COSATU spokesperson Patrick Craven says the organization has some disagreements with the South African government. COSATU is a trade union federation with almost two million members. It was founded in 1985 and is the biggest of the country's three trade union federations, with 21 affiliated unions. The organization was instrumental in this year's election of President Zuma.
With that with that type of backing, the organization expects the current South African government to endorse policies that are more "developmental interventionist economic policies which create more jobs," says Craven.
COSATU and Mr. Zuma's government have not always agreed. They recently clashed over the decision by the South African Defense ministry to ban unions in the military. The standoff led to last month's strike by some members of the South African Defense forces.
It is an issue that Craven says he hopes both parties will work to resolve during the conference. But there is broad agreement about the need for more policies designed create jobs, he says.
COSATU backs the Black Economic Empowerment (BEE), a program launched by the South African government to redress some of the economic inequalities of the apartheid era. But, says Craven, few workers in the private sector have benefited from it.
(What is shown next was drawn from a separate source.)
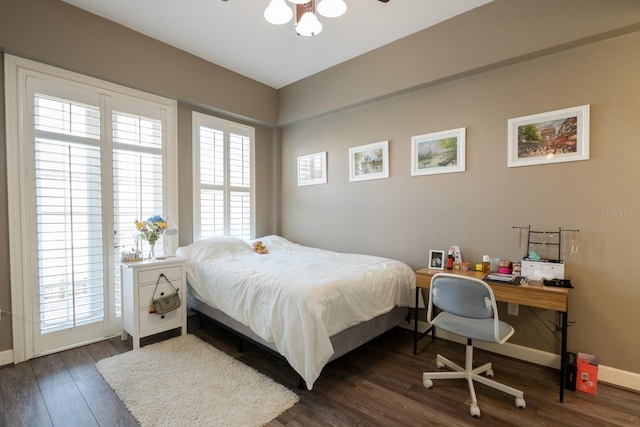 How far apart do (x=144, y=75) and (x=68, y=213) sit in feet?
5.16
"In the private sector, virtually nothing has changed. Those black people that have benefited tended to be very small group of people…who get richer and richer while the vast majority of workers don't see any benefit at all," he says.
South Africa's economy, like those of other developed nations, has been hard hit by the global economic recession. COSATU's president, Sidumo Dlamini, estimates the loss at up to 475,000 jobs and fears almost a million jobs will be lost by the end of the year. He says that was "a blow to the fight against inequality and poverty."